Genres: Contemporary, New Adult, Romance
Fiercely independent Helen Winters was born completely blind, but she vowed never to let her disability keep her down. She did not expect a traumatic event to devastate her life and force her to drop out of college. Disillusioned by the cruelty of people, Helen retreated from society to live by herself as a reclusive writer in the woods—where no one could ever hurt her again.

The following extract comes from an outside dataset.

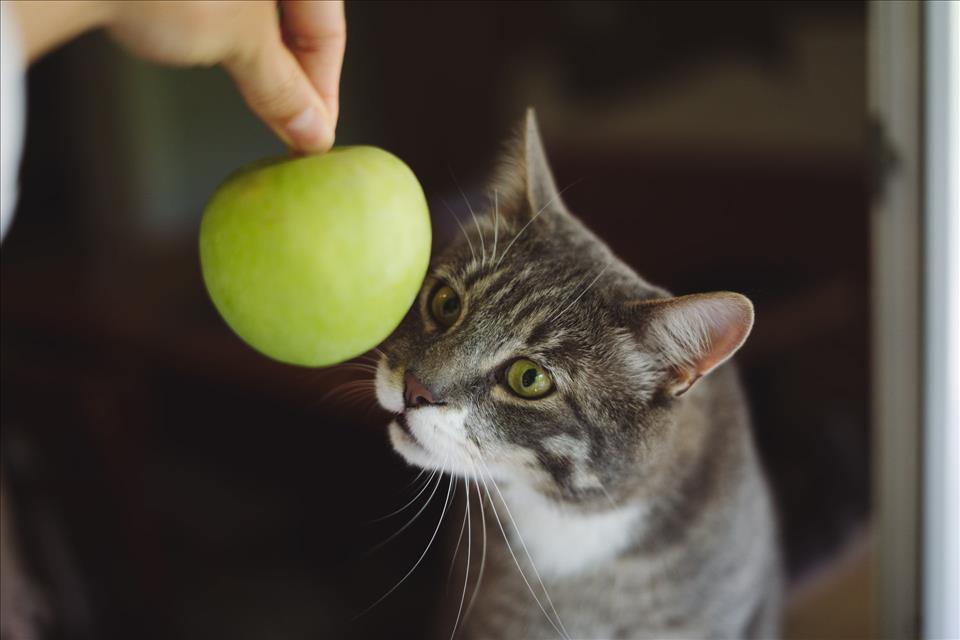 Is It Really Safe To Feed Your Cat A Vegan Diet?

When a brilliant young doctor shows up on her doorstep, promising her that his new research can give her the ability to see for the first time, Helen stubbornly refuses. She has learned not to trust anyone, and to rely only on herself. But Dr. Liam Larson will not take no for an answer. He makes it his personal mission to rescue Helen from her loneliness, and bring joy into her world once more—the joy she has denied herself for so long.
When Helen’s demons come racing back into her life, threatening to rip her apart and destroy the strength she has carefully rebuilt, Liam is the only one who might be able to save her.
Can he reach the broken girl in time, helping her to heal and see the world in a different light? Or will Helen’s grief send her spiraling out of control, lost to him forever?
Excerpt“I wish Owen would stop babbling so that I could actually talk to you for five minutes,” Liam muttered. “You’re such an interesting person.”
“Me?” I ask in confusion. “I’m just your average hermit writer.”
“Exactly,” he says. I hear a smile in his voice. “I don’t know too many of those. You’re part of a very rare species.”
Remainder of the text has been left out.